Wednesday, May 15, 2013
Two Fordham Law graduates opened their own firm in January 2008 with a concentration in personal injury matters.
Both were suspended for nine months and until further order by the New York Appellate Division for the First Judicial Department.
Neither attorney had significant experience in personal injury law prior to opening their firm.
Shortly after they opened for business, they were retained by a client who was allegedly injured in a fall. She recalled that she had fallen in front of a church with a sidewalk defect at a street intersecting with Lockwood Avenue in the Bronx. Trouble was, she could not remember the name of the church or its exact location.
They went on line and found no such church.
Rather, they focused on Bryn Mawr Presbyterian on Lockwood Avenue in Yonkers. Trouble was, there was no defective sidewalk in front of the church. Solution: there was a defective sidewalk across the street, abutting the property of a private homeowner.

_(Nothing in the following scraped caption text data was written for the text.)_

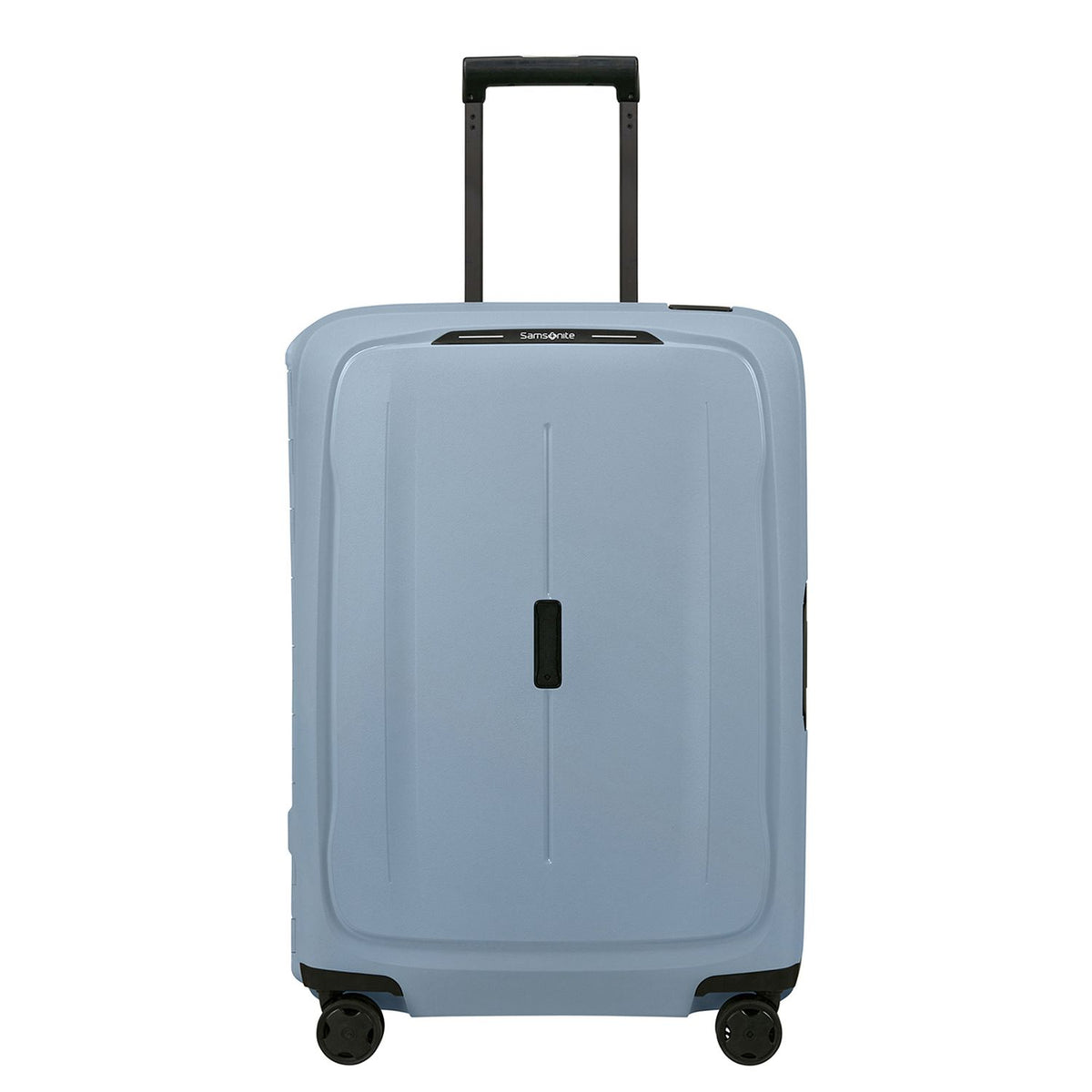 Samsonite Essens Spinner 69 cm - 88 liter - 69x49x30 cm - fog blue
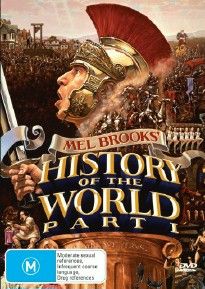 History of the World Part One - (Australian Import DVD)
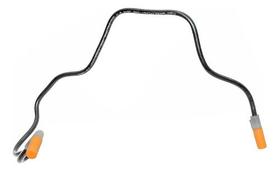 Tubo cilindro mestre embreagem kicks versa 19 em diante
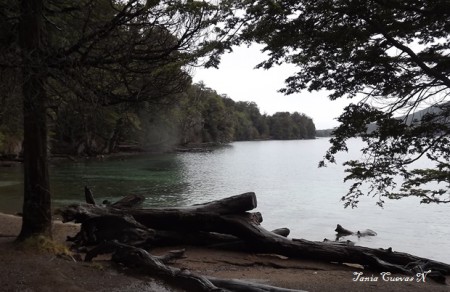 Lago Gutierrez 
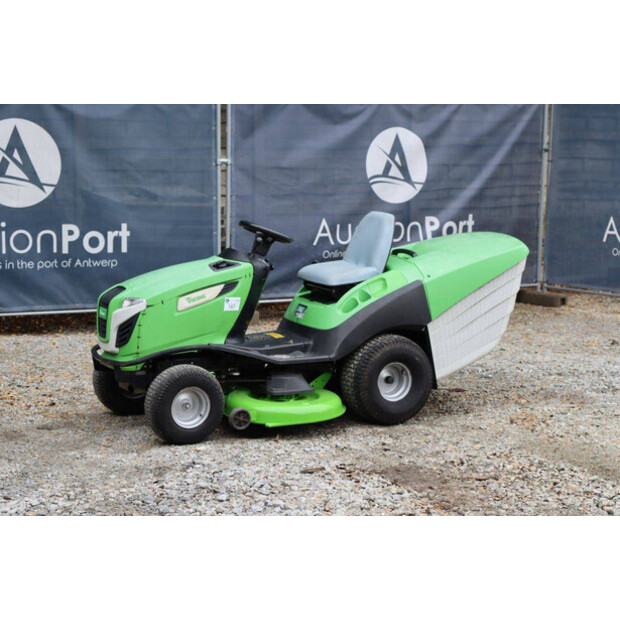 2014 Viking MT 6127.1 ZL-48889759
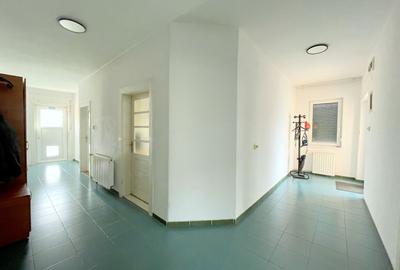 Casa individuala plan parter - zona Elisabetin - COMISION 0% - 9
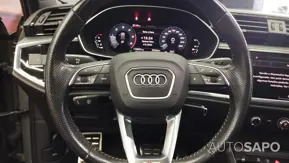 Audi Q3 de 2020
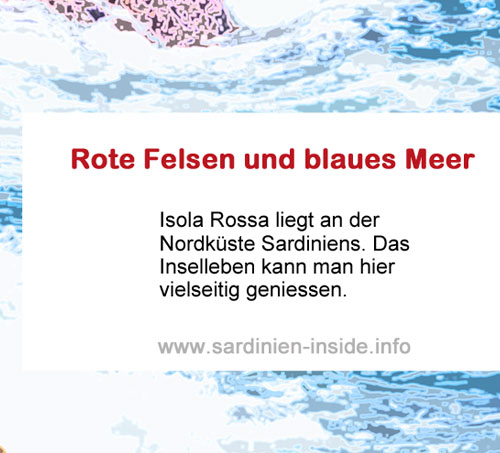 Isola Rossa Isola Rossa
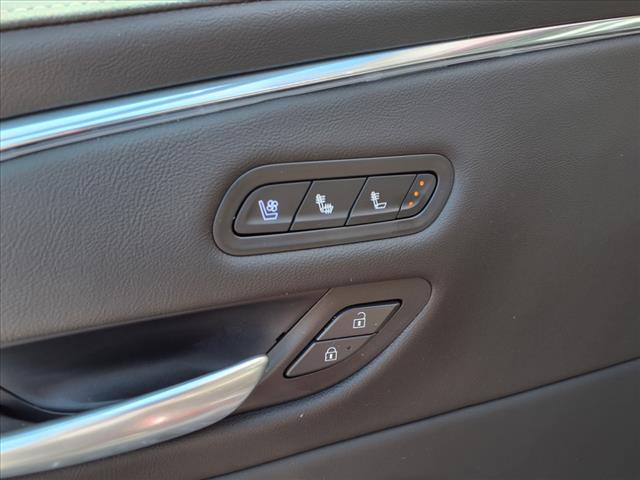 2024 Cadillac Escalade 4WD 4DR SPORT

Then came the Paul Biegler "explanation" of the law. After the attorneys told the client that she only had a viable potential claim against the homeowner, she changed her story. The attorneys then sued the homeowner.
As trial neared, the attorneys "realized they were incapable of trying the case" and brought in experienced counsel. They failed to advise new counsel of the client's changed story and they scrubbed all file references to the claim against the church.
The case was dismissed after the client was confronted with her false deposition testimony concerning her past criminal record.
...it is clear that respondents intentionally influenced their client to misrepresent the situs of her accident in order to pursue an action which they knew was fraudulent from its inception. Thereafter, respondents, with full knowledge that they were perpetrating a fraud, commenced an action against an innocent third party, filing papers, such as pleadings, containing misrepresentations with the court. Then, for a over a year, respondents continued to conduct discovery and attend court conferences with full knowledge that the action they were pursuing was based on a misrepresentation which they themselves influenced. When forced to retain trial counsel, respondents not only failed to apprise counsel that their client's accident did not occur where she alleged, but in order to conceal their prior misconduct, they sanitized the case file, removing any evidence as to the accident's actual situs. While respondents never expressly admitted that their behavior was motivated by financial gain, in a case where their legal fee would be determined by the amount they were able to recover for their client, it is clear that respondents engaged in the misconduct alleged and to which they admitted for financial gain and with venal intent.
The Whiplash Willie reference relates to a client that he was interviewing who had slipped on a banana peel in front of Nat's Delicatessen on Euclid Avenue in downtown Cleveland.
Willie: "Couldn't you drag yourself in front of the May Company? From them we can collect!" Then "Maybe we can sue the United Fruit Company."